"For nature then
(The coarser pleasures of my boyish days,
And their glad animal movements all gone by)
To me was all in all.—I cannot paint
What then I was. The sounding cataract
Haunted me like a passion: the tall rock,
The mountain, and the deep and gloomy wood,
Their colours and their forms, were then to me
An appetite: a feeling and a love,
That had no need of a remoter charm,
By thought supplied, nor any interest
Unborrowed from the eye."

Granted that it was very absurd of Wordsworth to talk (to Moore in 1820) of Byron's plagiarisms from him, and to declare that the whole Third Canto of Childe Harold was founded on his style and sentiments—and granted that Lord John Russell is right when he remarks drily in this connection that if Wordsworth wrote the Third Canto of Childe Harold, it is his best work—it is, nevertheless, easy to understand that Wordsworth could not but feel as if, in the chief passages in that canto, and the celebrated passages about solitude in the earlier cantos, what was naturally expressed by him had been worked by Byron into a laboured and antithetical sort of declamation.[1] It is not difficult to discern, in these outbursts, the wounded vanity of a narrow mind which felt itself eclipsed; but it cannot be denied that it really was Wordsworth who first struck the chord which Byron varied with such skill, nor that single striking and vivid lines of Wordsworth's had impressed themselves on Byron's memory. Who can read, for example, the following lines of Childe Harold (Canto iii. 72):—

"I live not in myself; but I become
Portion of that around me; and to me
High mountains are a feeling,"

without thinking of Wordsworth's verses just quoted? And who can deny that Byron, as it were, adopted Wordsworth's idea, and added thoughts of his own to it when he wrote (Childe Harold, iii. 75):—

"Are not the mountains, waves, and skies, a part
Of me and of my soul, as I of them?
Is not the love of these deep in my heart
With a pure passion? should I not contemn
All objects, if compared with these?"

Wordsworth, in Tintern Abbey, describes his passion for nature as something past, as something which only lasted for a moment during an age of transition, and very soon turned into reflection and questioning; but Byron's passion is a permanent feeling, the expression of his nature. In his case the Ego in its relations with nature is not forced into the strait-jacket of orthodox piety; no obstruction of dogma is set up between nature and him; in his mystical worship of it he feels himself one with it, and this without the help of any deus ex machine.

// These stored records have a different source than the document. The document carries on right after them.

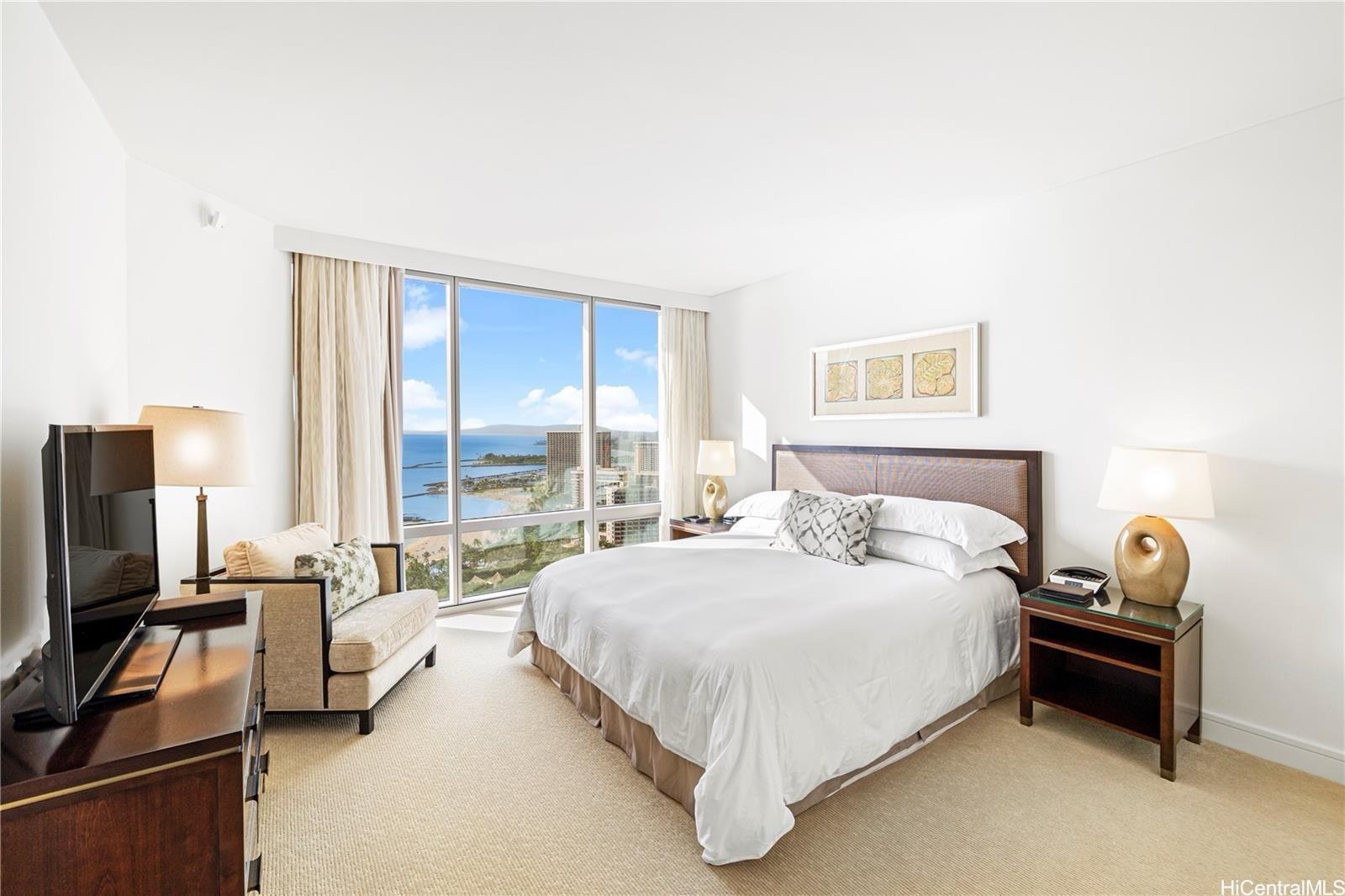 223 Saratoga Road, Unit 3203 Honolulu, HI 96815 - Photo 19 of 24 a bedroom with a bed and a flat screen tv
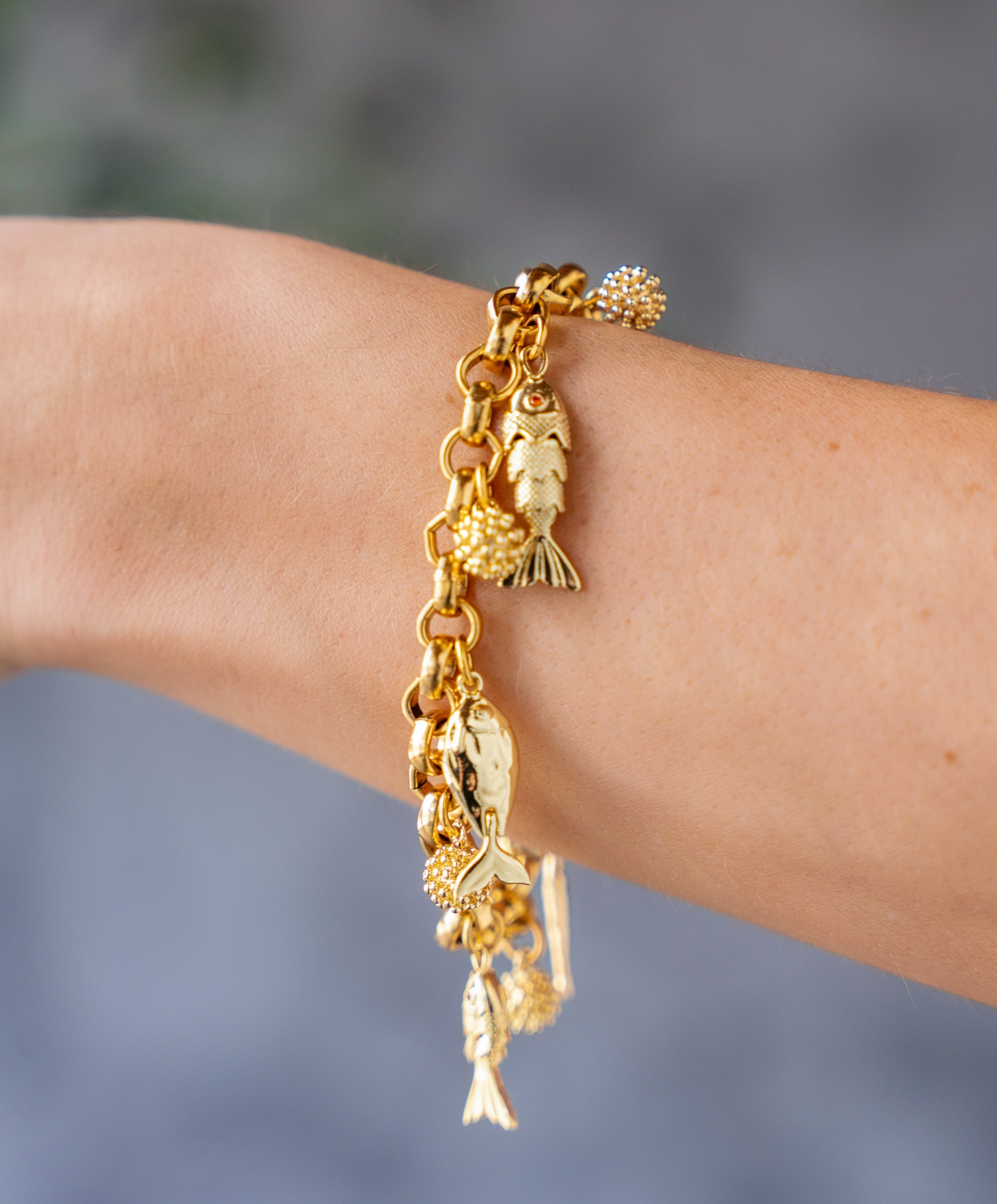 Gold charm bracelet with dangling fish charms and textured gold bead accents on a chunky chain.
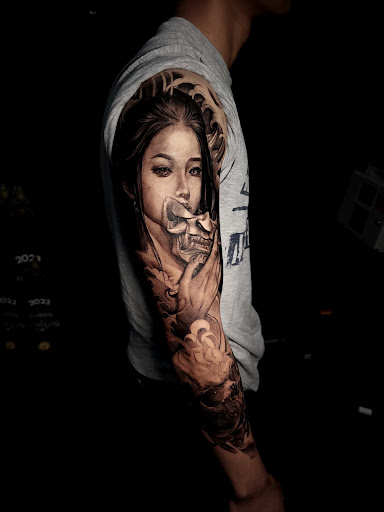 Explore men thigh tattoo ideas, creative tattoo ideas in Hollywood, available at Sacred Eye Tattoos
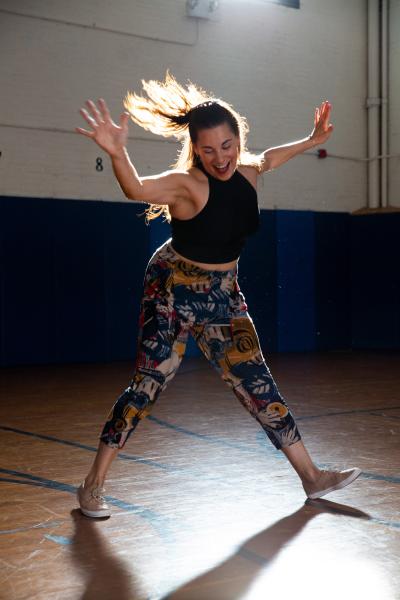 A woman performs Swing 2020 in a gymnasium setting.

Passion is not the special characteristic of Wordsworth's attitude to nature. The distinguishing quality in his perception and reproduction of natural impressions is of a more delicate and complex kind. The impression, although it is received by healthy, vigorously perceptive senses, is modified and subdued by pondering over it. It does not directly attune the poet to song. If Wordsworth can say, with Goethe: "I sing like the bird that sits on the bough," it is, at any rate, not like the nightingale that he sings; his is not the love-song which streams forth, rich and full, telling of the intoxication of the soul and breaking and mocking at the silence of the night. He himself, after describing the song of the nightingale in similar terms to these, adds (Poems of Imagination, x.):—

"I heard a stock-dove sing or say
His homely tale this very day;
His voice was buried among trees,
Yet to be come at by the breeze;
He did not cease; but cooed—and cooed;
And somewhat pensively he wooed:
He sang of love with quiet blending,
Slow to begin, and never ending;
Of serious faith and inward glee;
That was the song—the song for me!"

It was himself that Wordsworth tried to paint in describing the pensive, serious wooer. According to the custom of so many poets, he attempted to formulate his methods into a theory and to prove that all good poetry must possess the qualities of his own. All good poetry is, he says, "the spontaneous overflow of powerful feelings. But poems to which any value can be attached were never produced on any variety of subjects but by a man who, being possessed of more than usual organic sensibility, had also thought long and deeply." This theory he supports by the argument that a "our continued influxes of feeling are directed and modified by our thoughts, which are indeed the representatives of all our past feelings"—a profound and striking, if not scientifically satisfactory utterance, as well as an excellent characterisation of his own poetic thought and deliberation.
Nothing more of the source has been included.